Still, roots of trees which must have been of a goodly size are found, here and there, even in such stony, stunted, brush-forests, useful now only for charcoal-burning. But I question if ever there was much forest, in our sense, west of the Jordan since the historical period. The other word translated "wood" in Scripture ("horesh") does not help us, for it comes from a root which may refer either to cutting down, or to being entangled or interwoven, which suits a thicket rather than an open forest. It is noteworthy that no trees are spoken of as obtained by Solomon from Palestine, but that cedar and cypress from Lebanon, and sandal-wood from the East, were imported from Phœnicia, or by its help (1 Kings 5:15; 2 Chron 2:8-18). In any case, the crowded population of Israel, hemmed up in the narrow limits of the hills, soon cleared away whatever wood there was, leaving the slopes free for the terrace cultivation necessary under their circumstances.

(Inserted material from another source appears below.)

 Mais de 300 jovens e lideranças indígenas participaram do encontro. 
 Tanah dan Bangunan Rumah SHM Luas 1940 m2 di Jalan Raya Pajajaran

A Roman road by which possibly St. Paul was taken to Antipatris, on his way to Cæsarea, runs through Tibneh, and offers the easiest route to Sharon, though it is rough enough in its present condition. Olives and fir-trees dot the slopes on the way to Abud, a village 1,240 feet above the sea; but the route grows more wild and desolate as you advance. In six miles the descent is about 700 feet, through a region now very lonely, but marked from point to point with the ruins of ancient towns or villages. It was well to have even the rough track of the old road, for the wady north of us has only a footpath by which to descend a depth of 1,000 feet.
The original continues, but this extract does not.